Jul. 2nd, 2005

A Kid Again

Jul. 2nd, 2005 08:10 am
raefinlay: (Default)
I'm sooo not ready for Hannah to grow up (see icon).

The top of my baby sister's head reaches my breasts now, but she is too far from me in years to be so tall. I wish there was an anti-growth pill, or perhaps a vise for her skinny body. What if I couldn't bend down to kiss the part of her blond hair? What if, when I stalked her with the Tickle Hands of Doom, she stood to look me in the eye and say, Bring it on, Rae! What if her wide eyes stopped delighting in all the amazingly stupid things, the things I can't see without her?

*mourns*
raefinlay: (Wolf)
Progress: 707 words on Elisa's Belly

Words so far: 14,105

Made-up words: N/A

Barely avoided clichés: errant page boy, also the copious noting of Alejandro's eyes in every frickin' scene.

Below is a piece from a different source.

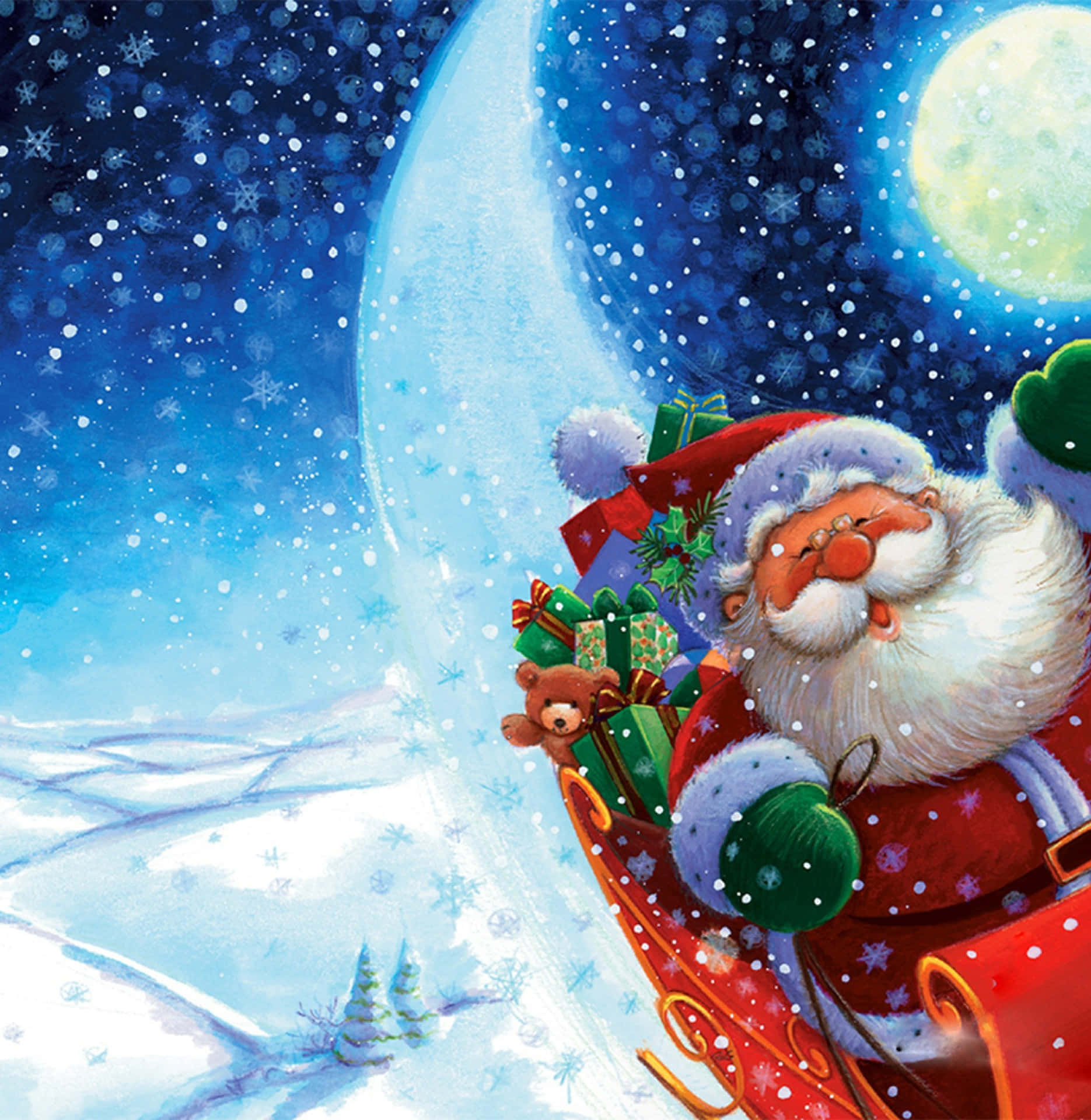 Artedigitale Di Un Allegro Babbo Natale Nella Meravigliosa Notte Di Natale Sfondo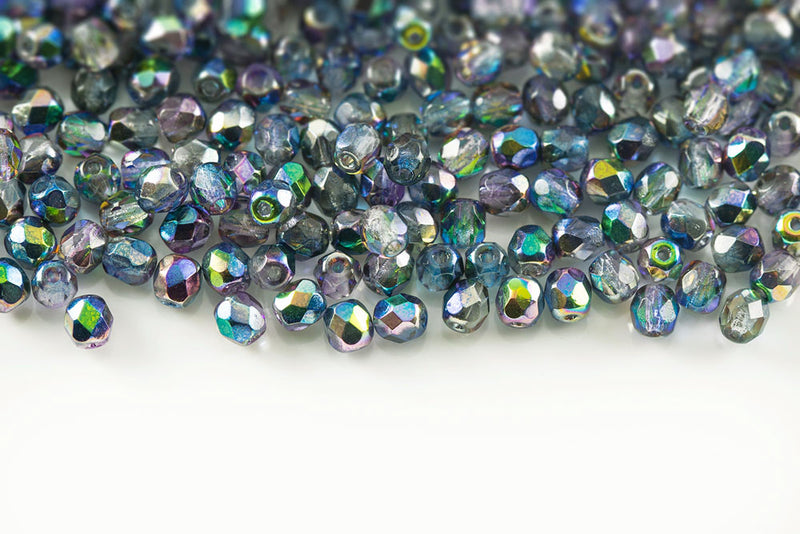 Czech Fire Polished 3mm Magic Blue Pink Round Beads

The words I'll hate most to cut: It's hard to keep my hand in Alejandro's. I don't want to give him something of myself so easily because I'm not sure he cares.

Thank God an editor didn't see this: obsessive repetition of "interminable" *adds to list of words she may not use for at least two chapters*

General thoughts: In one scene, I didn't feel like describing stuff (again) so I made Elisa too tired/distracted to notice. *lazy* Then, I re-read and saw that it worked better that way. I guess the moral of the story is to trust my instincts. If I'm bored with something, then the poor reader is probably in reading hell. "Boredom" = "get on with the plot already"

Time for a movie and a glass of wine.